WASHINGTON — High-profile supporters of President Donald Trump are turning on special counsel Robert Mueller, the man charged with investigating Russian interference in the U.S. election and possible collusion with Trump's campaign.
As Mueller builds his legal team, Trump's allies have begun raising questions about the former FBI director's impartiality, suggesting he cannot be trusted to lead the probe. The comments come amid increasing frustration at the White House and among Trump supporters that the investigation will overshadow the president's agenda for months to come — a prospect that has Democrats salivating.
Trump cannot directly dismiss Mueller. That decision would fall to Deputy Attorney General Rod Rosenstein, who testified Tuesday in a Senate budget hearing that he would only fire Mueller for good cause and has seen no evidence of that.
Still, Chris Ruddy, the CEO of Newsmax and a Trump friend, suggested the president was already thinking about "terminating" Mueller from his position as special counsel.
"I think he's weighing that option," Ruddy said in an interview Monday with Judy Woodruff of "PBS NewsHour."
House Speaker Paul Ryan told reporters Tuesday any talk about Trump wanting to rid himself of the special investigator amounts to "rumor."
Yet it's a line of thinking that is making its way to the president's ears.
Former House Speaker Newt Gingrich said Tuesday that Trump called him Monday night because of Gingrich's concerns about the Russia probe.
He called because "I have been very clear" about Mueller and the lawyers he's hired amounting to a "rigged game," Gingrich said in an interview Tuesday on CBS.
"It's a mistake to pretend that this is going to be some neutral investigation," Gingrich said.
Even so, Gingrich said, Trump won't seek to dismiss Mueller because he's confident the probe will conclude he's done nothing wrong.

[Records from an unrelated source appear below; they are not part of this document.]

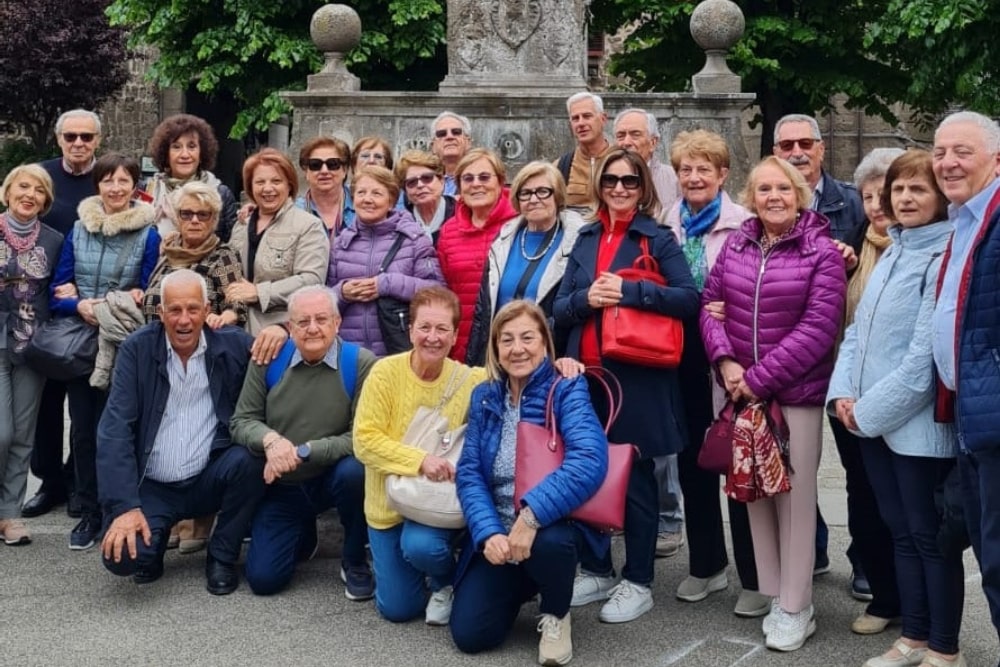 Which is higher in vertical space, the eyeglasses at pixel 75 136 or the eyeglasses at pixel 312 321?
the eyeglasses at pixel 75 136

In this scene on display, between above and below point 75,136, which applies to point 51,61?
above

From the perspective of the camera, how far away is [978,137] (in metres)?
4.38

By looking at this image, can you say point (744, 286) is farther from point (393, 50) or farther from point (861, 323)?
point (393, 50)

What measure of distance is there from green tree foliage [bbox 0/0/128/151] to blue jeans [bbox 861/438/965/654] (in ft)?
77.7

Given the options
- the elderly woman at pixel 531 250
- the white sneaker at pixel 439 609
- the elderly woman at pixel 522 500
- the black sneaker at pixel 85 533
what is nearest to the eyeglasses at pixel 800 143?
the elderly woman at pixel 531 250

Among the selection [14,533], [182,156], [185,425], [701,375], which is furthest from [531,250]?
[14,533]

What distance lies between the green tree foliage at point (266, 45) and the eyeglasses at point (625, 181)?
1398 centimetres

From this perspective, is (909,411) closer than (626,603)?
Yes

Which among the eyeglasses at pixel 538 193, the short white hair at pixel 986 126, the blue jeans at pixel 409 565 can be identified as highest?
the short white hair at pixel 986 126

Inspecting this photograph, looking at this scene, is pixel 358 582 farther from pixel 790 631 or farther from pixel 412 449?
pixel 790 631

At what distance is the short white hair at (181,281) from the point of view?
5848 mm

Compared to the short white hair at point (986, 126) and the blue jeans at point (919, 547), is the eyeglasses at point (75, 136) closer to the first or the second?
the blue jeans at point (919, 547)

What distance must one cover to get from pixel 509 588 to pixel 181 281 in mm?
2043

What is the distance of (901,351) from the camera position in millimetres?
4734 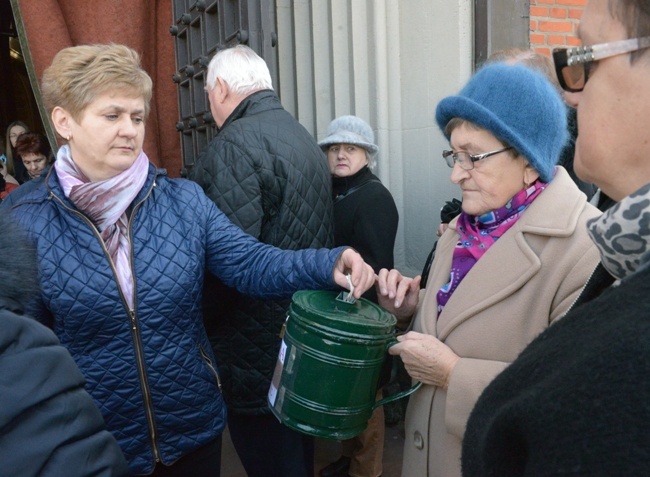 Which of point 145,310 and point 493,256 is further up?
point 493,256

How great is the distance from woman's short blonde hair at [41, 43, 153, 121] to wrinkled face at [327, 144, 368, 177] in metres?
1.71

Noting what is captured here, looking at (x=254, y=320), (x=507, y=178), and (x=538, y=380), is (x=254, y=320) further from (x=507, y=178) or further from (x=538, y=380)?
(x=538, y=380)

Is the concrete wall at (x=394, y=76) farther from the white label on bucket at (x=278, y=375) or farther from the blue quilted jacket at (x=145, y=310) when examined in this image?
the white label on bucket at (x=278, y=375)

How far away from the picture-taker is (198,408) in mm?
1810

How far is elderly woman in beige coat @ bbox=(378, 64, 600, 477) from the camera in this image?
148 centimetres

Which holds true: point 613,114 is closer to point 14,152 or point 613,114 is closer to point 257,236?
point 257,236

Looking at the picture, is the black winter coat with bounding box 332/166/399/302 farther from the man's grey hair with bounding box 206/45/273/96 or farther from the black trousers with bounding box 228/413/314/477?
the black trousers with bounding box 228/413/314/477

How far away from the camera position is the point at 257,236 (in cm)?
226

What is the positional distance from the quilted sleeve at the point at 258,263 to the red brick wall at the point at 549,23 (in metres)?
2.29

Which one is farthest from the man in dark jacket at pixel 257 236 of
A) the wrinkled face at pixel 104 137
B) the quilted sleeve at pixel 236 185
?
the wrinkled face at pixel 104 137

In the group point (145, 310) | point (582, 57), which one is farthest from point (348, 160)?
point (582, 57)

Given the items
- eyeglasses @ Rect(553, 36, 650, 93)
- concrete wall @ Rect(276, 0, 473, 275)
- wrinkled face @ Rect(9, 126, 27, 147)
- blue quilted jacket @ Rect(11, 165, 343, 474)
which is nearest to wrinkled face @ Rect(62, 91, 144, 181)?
blue quilted jacket @ Rect(11, 165, 343, 474)

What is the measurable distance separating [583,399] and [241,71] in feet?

Rosenstein is charged with Mueller's fate because Attorney General Jeff Sessions recused himself from all matters having to do with the Trump-Russia investigation. Sessions made that choice because of his own conversations with Russian officials during the Trump transition — a potential part of the probe.
Rep. Adam Schiff, the top Democrat on the House Intelligence committee, said any move to oust Mueller would "be the last straw" for many in Congress and would have "echoes of Watergate," when President Richard Nixon dismissed special prosecutor Archibald Cox over Cox's subpoenas for White House tapes.
Schiff told MSNBC's "Morning Joe" on Tuesday that "I don't think the Congress would sit still and allow the president to pick his own investigator."
Just weeks ago, Gingrich had heaped praise on Mueller, hailing him as a "superb choice" for special counsel whose reputation was "impeccable for honesty and integrity."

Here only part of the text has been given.